La carrera militar de Vázquez fue meteórica y para el 4 de octubre de 1914 obtiene el grado de general Brigadier. Aunado a ello debemos de mencionar que es el único coahuilense que, aun cuando fue por un breve tiempo entre mayo y junio de 1915, ha ostentado el cargo de gobernador Interino del Estado de Nuevo León y Comandante Militar del mismo. Fue ahí en donde tuvo oportunidad de entrevistarse con el futuro adorador del nazismo, José Vasconcelos, quien en su libro “La Tormenta” no perdió la oportunidad de menospreciarlo. En dicho documento el oaxaqueño, indica que: “De Comandante de la Plaza de Monterrey estaba Poncho Vázquez. Era un muchacho de pueblo, bien plantado, alegre, noblote ignorante, y resultaba coronel por valor demostrado en una escaramuza de los comienzos de la lucha contra Huerta. El Héroe de Candela, solían llamarlo las hojas gobiernistas, etcétera”. Vaya con Vasconcelos, regatea meritos a quien se ganó sus grados militares en el campo de batalla, mientras que elevó a la categoría de héroe a Emiliano Zapata, un sujeto cuyos hechos de armas más significativos son haber sido el caballerango de cabecera del yerno de Porfirio Díaz, practicar el abigeato y la quema de sembradíos y por más que hemos hurgado no encontramos combate en el que haya obtenido victoria alguna que ameriten el grado de general que algunos le endilgan. En cuanto a que Vázquez era un muchachote de pueblo, nada hay que argüir, efectivamente Piedras Negras era un pueblo en donde por cierto el mismo Vasconcelos vivió su infancia y algo terrible debe de haberle sucedido, pues en cada ocasión que tenia, procedía a descalificar a los habitantes de la región norte del país, a quienes consideraba seres punto menos que salvajes. En lo concerniente a la incultura de Vázquez, sí bien no era un intelectual, no se puede decir que fuera un ignorante, con toda certeza Vasconcelos esperaba que se le rindiera y apareciera boquiabierto ante la “sabiduría” de quien dejó en la ruina a María Antonieta Rivas Mercado. Por lo que concierne a la batalla de Candela, esta fue una lucha entre el ejército federal y un grupo de mexicanos que de la noche a la mañana hubieron de pasar de hombres de campo a soldados, la victoria no puede considerarse hecho menor. En cuanto al grado revolucionario, cuando Vasconcelos conoce a Ildefonso Vázquez, este ya era general de brigada producto de sus acciones de guerra y no de graciosas concesiones por trabajo de escritorio.

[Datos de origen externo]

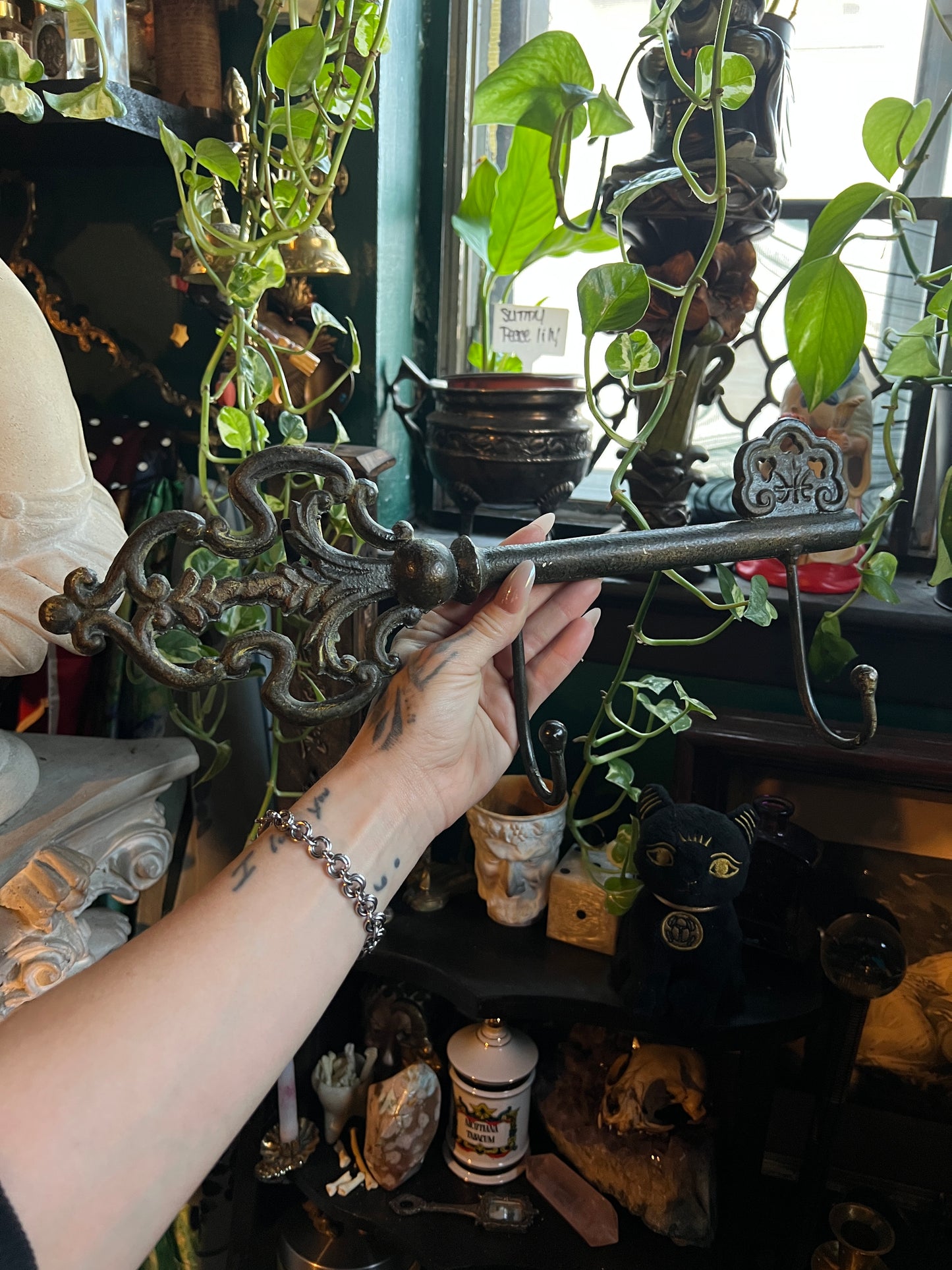 Baroque Style Oversized Key Coat Hook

Vasconcelos tenía un problema con los hombres que se habían jugado la vida en la lucha armada, para él todos ellos eran seres incultos y no merecían elogio alguno, dado que no alcanzaban la estatura intelectual que él creía tener. De esa forma el oaxaqueño ocultaba su cobardía. Antes de que por ahí vaya a salirnos algún defensor de este cuestionable personaje, le recomendamos que lea el Manifiesto que emitió cuando salió literalmente corriendo del país tras ser derrotado en las elecciones de 1929, es todo un “poema” al espanto. Pero retornemos a Ildefonso Vázquez.

Estando al frente del Gobierno de Nuevo León, y aun cuando las tropas villistas derrotadas se habían alejado de Monterrey, continuaban sin retirarse por completo del estado y permanecían en las cercanías de Villa García. Por ello, Ildefonso Vázquez entrega el gobierno de Nuevo León al licenciado Pablo A de la Garza, quien había sido designado por Carranza como gobernador definitivo. Vázquez sale a combatir a los villistas, logrando derrotar al enemigo después de varios días de combate en la llamada batalla de Icamole. Por ello, el 11 de junio de 1915, Venustiano Carranza lo eleva al grado de general de división. Sin embargo, en ese combate Vázquez resultó gravemente herido y el 15 de junio de 1915 muere en el Hospital González de Monterrey Nuevo León, en donde el Dr. Lázaro Benavides da fe de ello.

Éste es un apretado recuerdo de Ildefonso Valentín Vázquez Tamez, el único general revolucionario nacido en Piedras Negras, Coahuila, quien para sus paisanos es simplemente el nombre de una calle ubicada al norte de la ciudad.